* ACTIVITY
Copy out all the lines of the data precisely, omitting any pictures.
[[ DATA EXCERPT open ]]
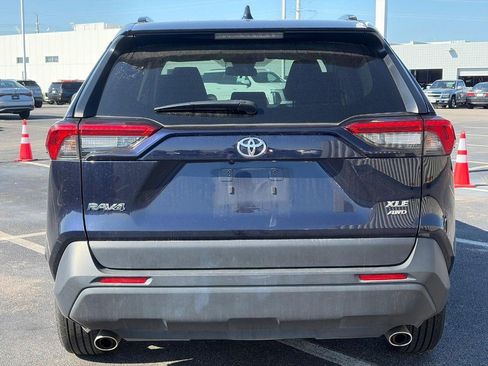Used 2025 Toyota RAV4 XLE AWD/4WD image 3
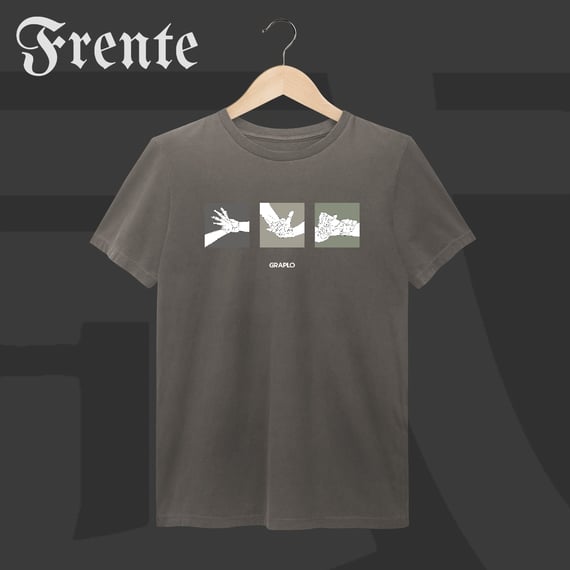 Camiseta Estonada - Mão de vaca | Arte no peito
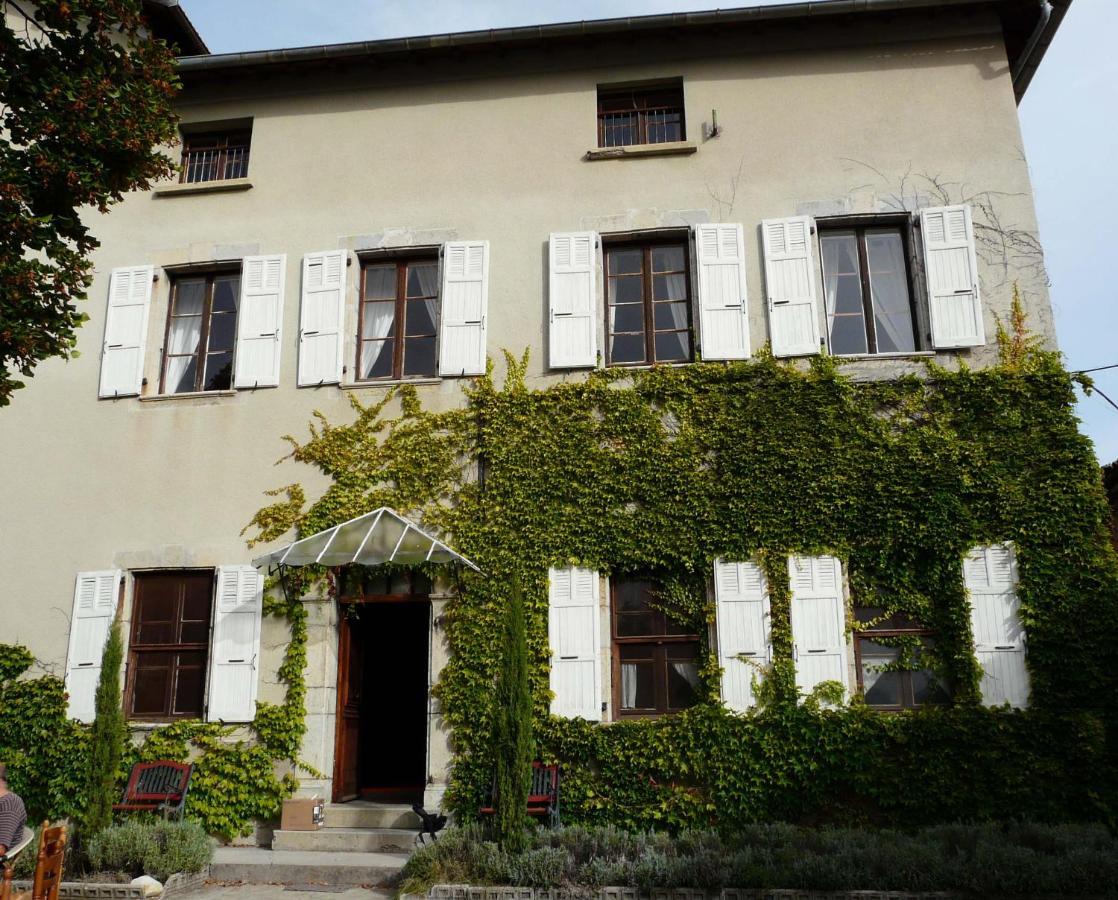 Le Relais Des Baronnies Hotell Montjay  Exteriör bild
[[ DATA EXCERPT closed ]]
* EXERCISE ANSWER
Used 2025 Toyota RAV4 XLE AWD/4WD image 3
 Camiseta Estonada - Mão de vaca | Arte no peito
 Le Relais Des Baronnies Hotell Montjay  Exteriör bild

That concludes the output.